Indian Schools in Oregon
Indian Schools in Oregon
FOREST GROVE, near Portland, Oregon, is the site of an Indian training school, where some very interesting and valuable educational work is going on. The institution is under the superintendence of Captain M. C. WILKINSON, U.S.A., to whose zeal, patience, and tact its success is entirely due. Like all thinking men who have been brought into relations with the aborigines of this continent, Captain WILKINSON has devoted much reflection to what is called the Indian question. He believes that the real solution of the problem lies in the systematic education of the rising generation. He is no advocate of that system of bribery and terror which has so long prevailed on the frontier, but asserts that the Indian tribal relations must be broken up as incompatible with our social organization, and that no adult member of any tribe be kept as a ward of the government. Let the adults provide for themselves, as the rest of us have to do. But in the case of the children Captain WILKINSON justly holds that the government can with benefit to all parties expend its money in their education and training. They ought to be taught various trades and handicrafts, so that when they return to their homes they may be properly fitted for life's struggles, and will infuse new ambitions into future generations, and be missionaries of the higher life of order, labor, and civilization.

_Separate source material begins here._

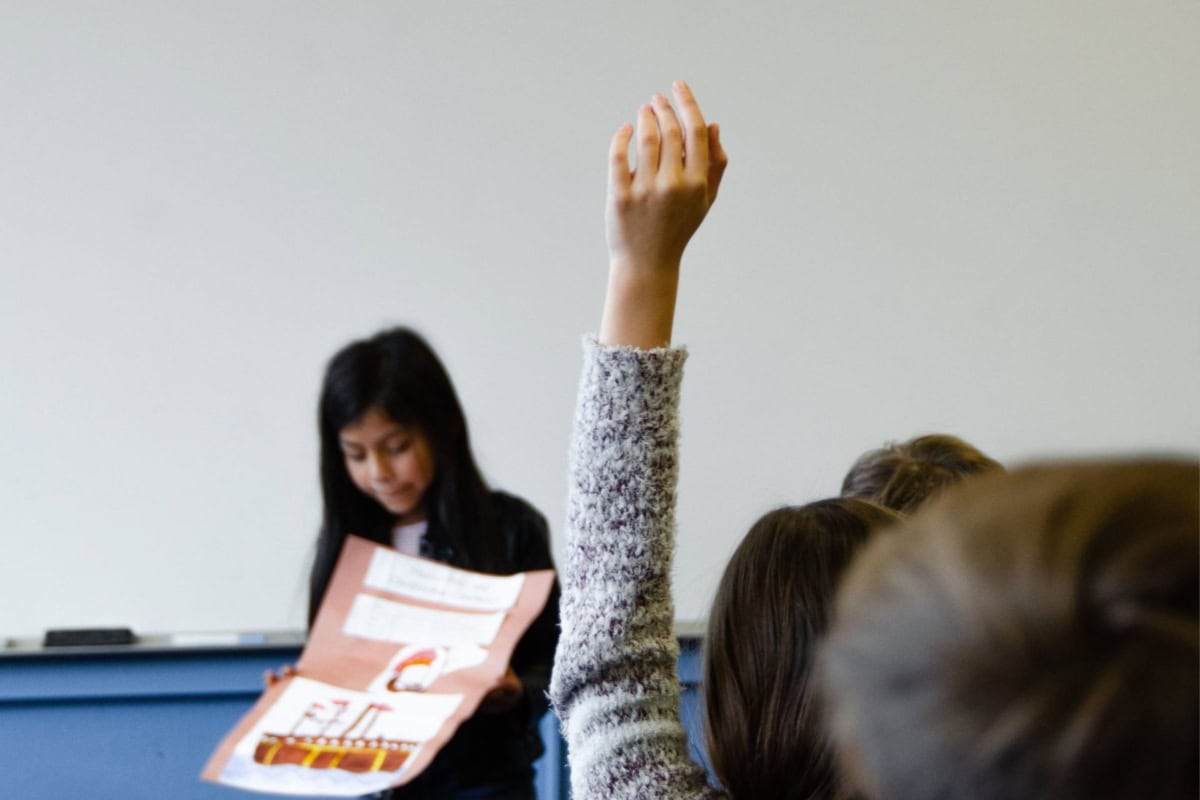 What is social emotional learning? A guide for parents 1 A group of students participating in social emotional learning activities, with their parents acting as guides, while raising their hands in a classroom.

In the training school at Forest Grove one hundred young Indians between the ages of five and twenty are kept, well fed, well clothed, and happy, and, as far as can be judged from appearances, quite as intelligent as a similar number of white youths. They came to the school from the prairies and the mountains, dressed in blankets and moccasins, with uncut and unkempt hair, as wild as young coyotes. They have already learned to sing like nightingales and work like beavers. It is remarkable that these young children of the forest are perfectly amenable to discipline, and never break a rule. The boys learn how to make boots and shoes, build houses, shoe horses, and how to perform various operations of agriculture. The girls learn to sew, darn, wash, cook, churn, iron, wash dishes, and keep their rooms in order. Both sexes learn their lessons promptly, and retain what they learn tenaciously. The common school games and amusements, playing ball, running races, and the like, are indulged in by the boys, while the little girls play with their dolls. They attend religious meetings and lectures, and sing and pray. The singing, indeed, is of remarkable excellence.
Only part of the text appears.